On the net displacement of contact surface centroid in contractile bodies

TL;DR

This paper analyzes the conditions under which contractile bodies on viscous substrates can move, showing that certain homogeneous conditions prevent net displacement and exploring strategies for propulsion through non-homogeneous friction.

Contribution

It derives sufficient conditions for the stationary contact surface centroid in contractile bodies and demonstrates how non-homogeneous friction can enable movement.

Findings

Homogeneous viscous contact conditions prevent net movement.

Incompressibility and flat surface are key for no displacement.

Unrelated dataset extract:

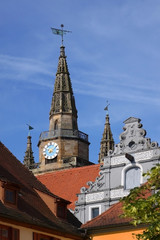Fototapeta na wymiar Ansbach, Bayern, Turm Johanniskirche, Deutschland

Non-homogeneous friction can enable propulsion.

Abstract

We investigate the motion of the contact surface centroid for contractile bodies on substrates with a viscous friction law and when inertial forces are negligible. We deduce a set of sufficient conditions that ensure that the surface centroid remains still. The conditions are automatically satisfied for linear analysis and homogeneous constant viscous friction parameters. In non-linear analysis additional requirements are necessary: i) the material is incompressible, ii) the material points in contact do not vary, and iii) the surface is flat. These results demonstrate the inability of slender organisms to move under homogeneous viscous contact condition if the contact surface remains constant, regardless of the contractility strategy employed. We numerically simulate some situations that do not comply to these conditions, such as the use of non-homogeneous or anisotropic friction, which illustrate possible strategies for net propulsion.